A convicted Irish Republican Army terrorist on hunger strike in the Maze Prison in Northern Ireland won a special election today for a vacant seat in the British Parliament from a religiously divided and violence-plagued Ulster constituency on the border with Ireland.

Bobby Sands, 27, a Roman Catholic serving a 14-year prison sentence who has been a leader of IRA convicts demanding political prisoner status, won by 1,446 votes over a prominent moderate Protestant politician, Harry West, 67, former leader of the Ulster Unionist Party.

Sands cannot take his seat in the House of Commons because he is to remain in prison for up to 10 more years if he does not die from his 41-day-old hunger strike. But his election is seen here as a propaganda victory for the IRA after having failed with previous hunger strikes and other protests to gain political status for its Maze prisoners or much international support for its campaign.

"This result has finally proved through the ballot box how deep the support is for the Republican prisoners," contended Danny Morrison, spokesman for the political prisoner campaign in Belfast.

Morrison said Sands does not plan either to resign the parliamentary seat or give up his hunger strike if political-prisoner status cannot be won. "The hunger strike will take its course," according to Morrison.

British officials said the status of Sands and other IRA convicts in the Maze Prison will not be changed by the election result.

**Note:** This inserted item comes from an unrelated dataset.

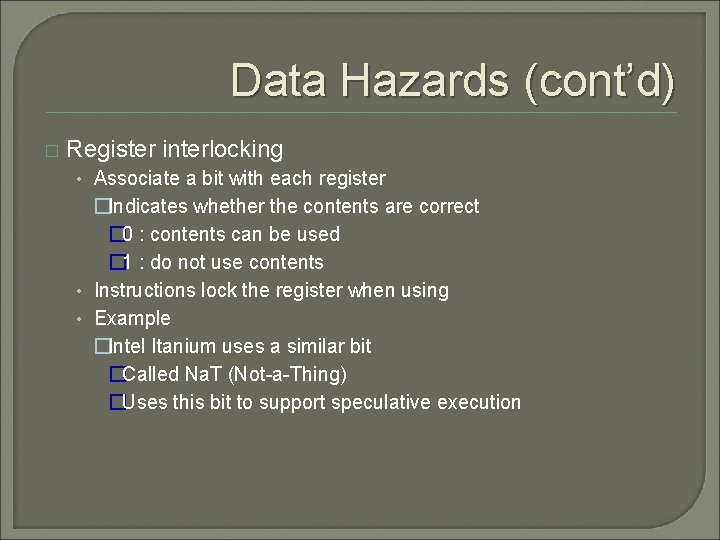 Data Hazards (cont’d) � Register interlocking • Associate a bit with each register �Indicates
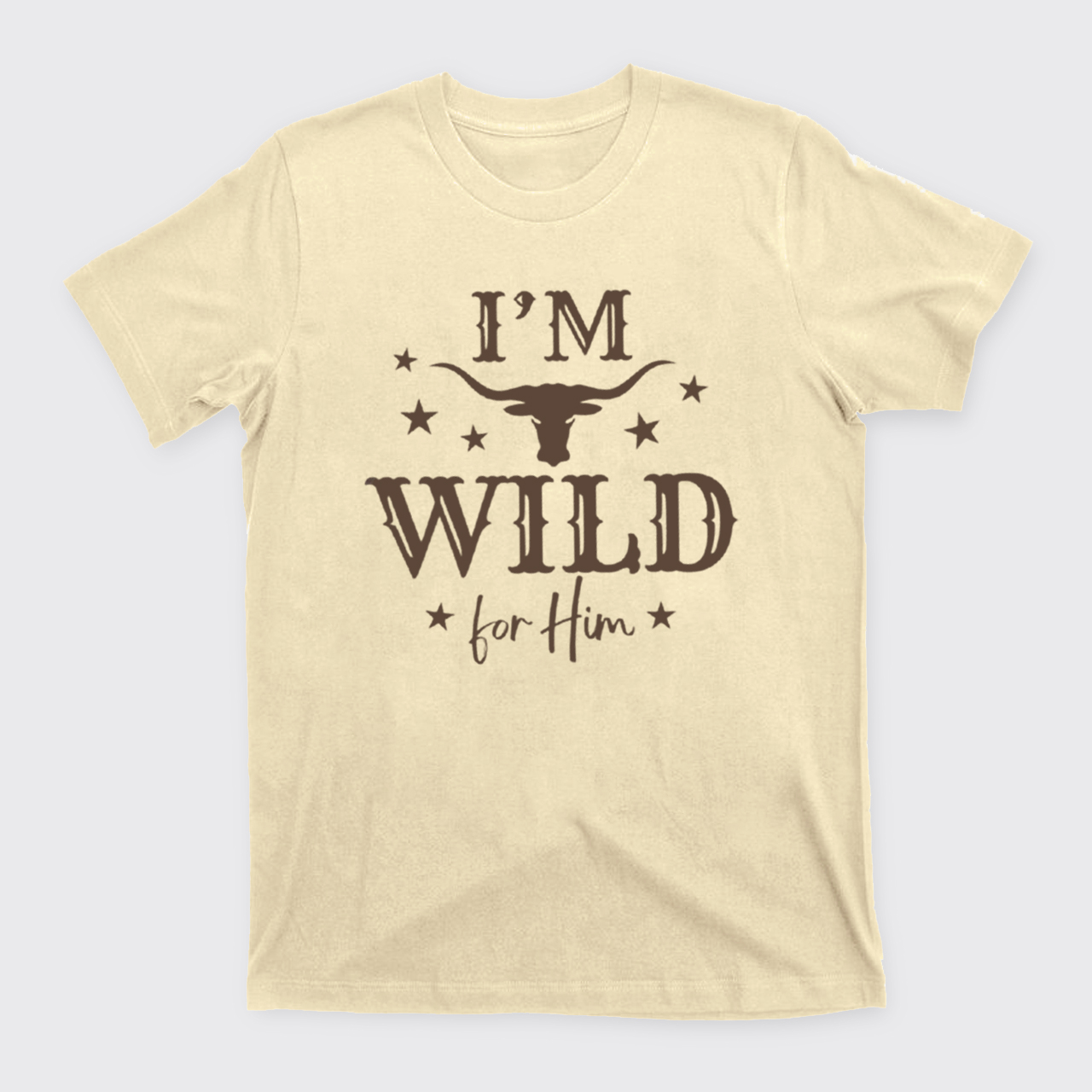 I'm Wild for Him Her T-Shirts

This posed a problem for Parliament. The Conservative leader of the House of Commons, Francis Pym, is expected to consult with other parties next week on whether to try to expel Sands so another election can be held.

With an 87 percent turnout, the vote apparently divided along religious lines in the constituency comprising Ulster's Fermanagh and southern Tyrone counties, whose bucolic landscape has frequently been the scene of sectarian killings along the border. Its hidden danger is symbolized by "the Fermanagh widows," a group of 60 Protestant women whose husbands have been murdered in the past decade, mostly by IRA gunmen on hit-and-run strikes from enclaves in Ireland.

Catholics have about a 5,000-vote majority in the constituency, but today's count of the election held yesterday showed that nearly 3,300 voters voided their ballots. They are believed to be mostly Catholics who felt they needed to be seen going to the polls but who did not want to vote for a convicted terrorist.

Several other Catholic candidates dropped out when Sands' supporters, campaigners for political prisoner status for the hundreds of IRA convicts in Maze Prison, entered him in the race.

Bernadette Devlin McAliskey, the veteran Catholic civil rights activist seriously wounded recently by Protestant terrorists, quit as a candidate to campaign for Sands, despite being slowed by her wounds and the need to use a cane.

The moderate Catholic Social Democratic and Labor Party withdrew its candidate because party officials thought Sands would be opposed by Noel Maguire, brother of the independent Catholic incumbent, Frank Maguire, a pub owner and former IRA member who died in office after appearing in Parliament only a handful of times since first being elected in 1974. But then Maguire withdrew under obvious IRA pressure.

Sands has spent all but six months of the last nine years in prison on two convictions of illegal possession of guns. He has served four years of his current sentence after last being arrested near the scene of a gunfight in which two men were wounded.